Call for Papers: The Future(s) of Border Studies
Essay Collection
Deadline: 1 October 1999
Interest in border studies has exploded across academic disciplines in
recent years: artists and scholars in the fields of anthropology,
philosophy, cultural studies, Chicana/o studies, American studies, and
literary/postcolonial theory have begun to look at how the U.S.-Mexico
borderlands and its subjects are mapped in various literary, filmic, and
political discourses. As a site of increased transnational flows
associated with globalization, the "border" has become a term of
translation for imagining connections between a U.S.-Mexico border
culture, other historical and cultural zones such as the "Black Atlantic,"
and emerging diasporic communities. In this view, the border has become a
synonym for a surge in postnational diasporic public spheres that
challenge and further contest nationalist U.S. discourses.
But while the transformation of the border into a cross-cultural metaphor
has emphasized anti-nationalist notions of cultural hybridity and
transnational coexistence, it has not yet sufficiently traced the
specificities and inequalities of cross-border contacts. We are looking
for essays that challenge what Aijaz Ahmad has called the
"globalising-hybridist anti-histor[ies]" that have been written under the
aegis of border and postcolonial studies.
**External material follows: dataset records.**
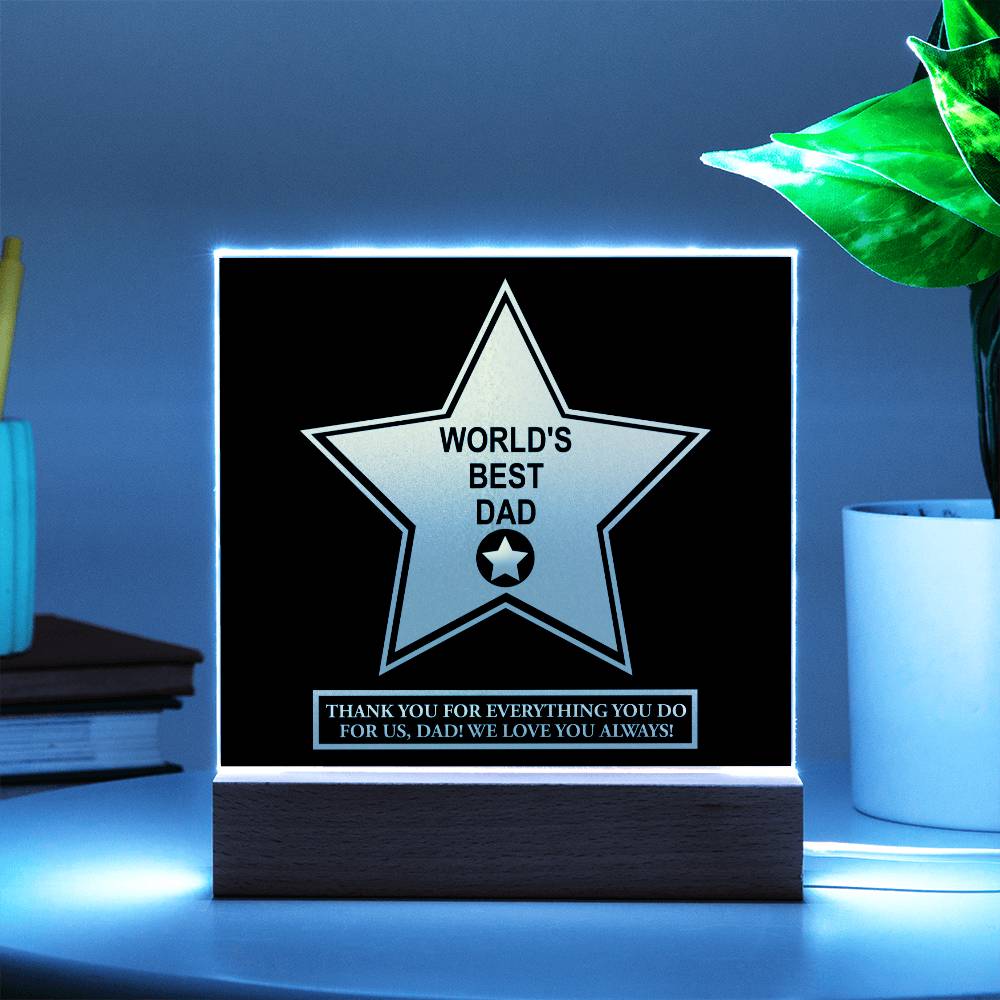 World's Best Dad - Acrylic Square Plaque - Real Rad Boutique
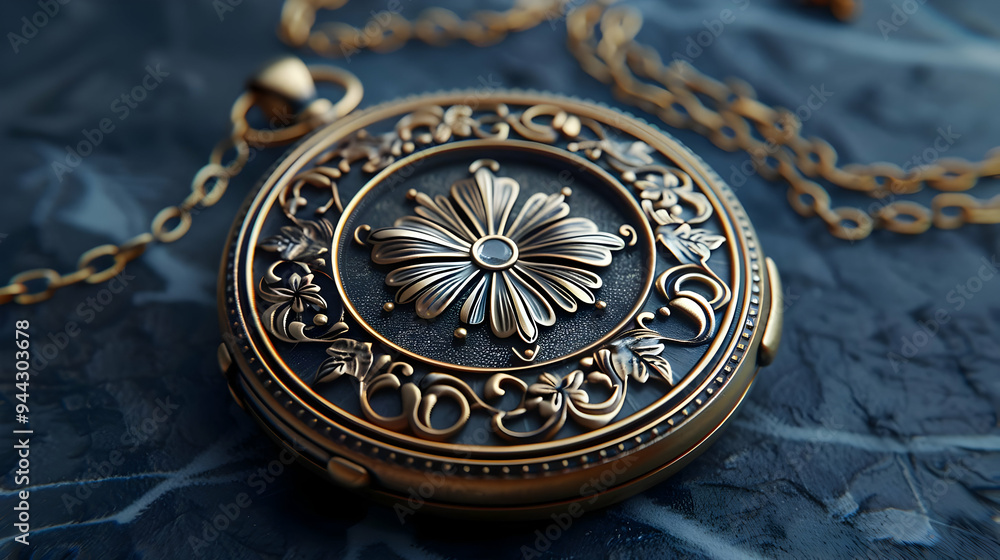 Obraz premium Ornate Gold Pocket Watch with Floral Design 3D Illustration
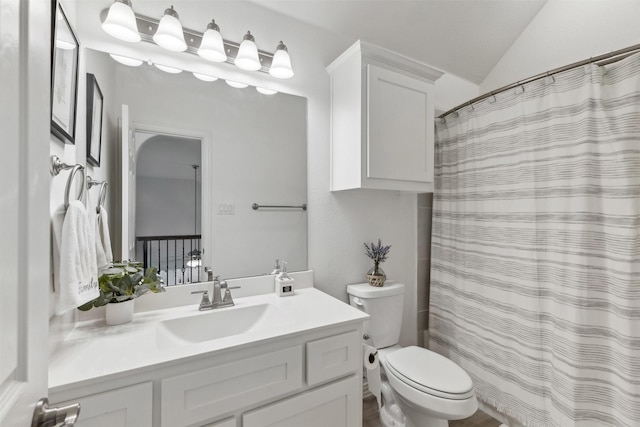 bathroom featuring vanity, lofted ceiling, and toilet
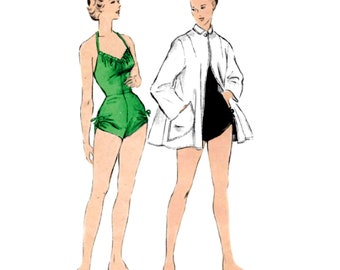 Vintage 1940's Sewing Pattern: Women's Bathing Suit & Beachwear Coat, Bombshell - Bust 34” (86cm)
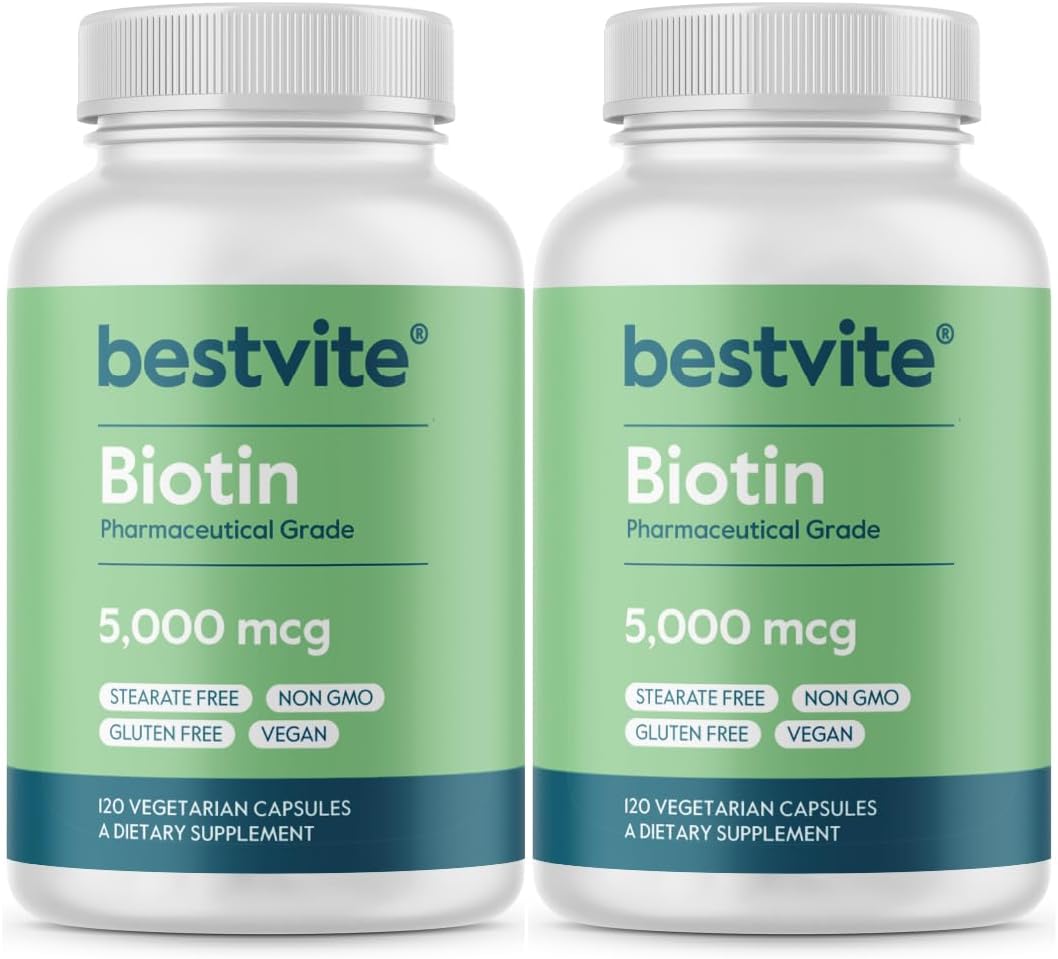 BESTVITE Biotin 5000mcg – 240 Vegetarian Capsules – Vegan, Non-GMO, Gluten-Free – Hair, Skin and Nails Support - görsel 1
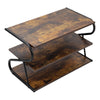 3 Tiers Metal Frame Shoe Rack Storage Organizer Wooden Footwear Stand Shelves UK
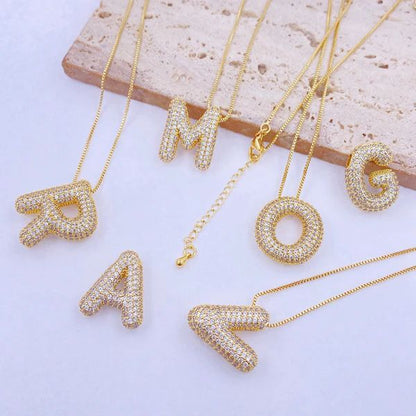 Diamond Initial Alphabet Necklace (Anti Tarnish)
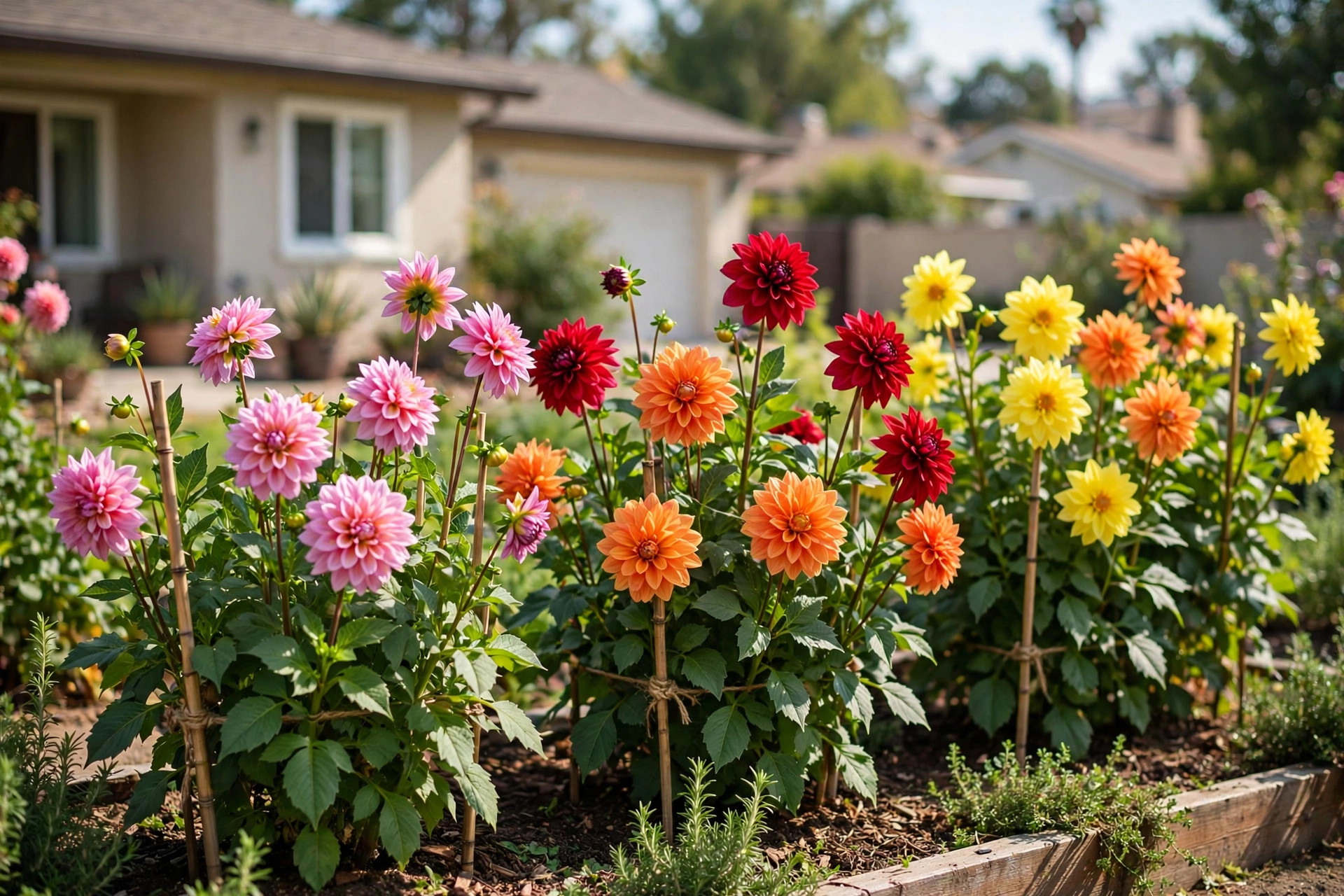 A garden bed of blooming dahlias, the focus of dahlia bulbs bulk california homes usa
We are especially interested in
papers that explore the material specificities of transnational border
cultures, not only along the U.S.-Mexico boundary but also in other
geopolitical border zones. We envision a collection of essays that draw on
methodologies and materials from a number of academic
disciplines--including, but not limited to geography, anthropology,
political science, sociology, environmental studies--as well essays
grounded in literary and cultural studies.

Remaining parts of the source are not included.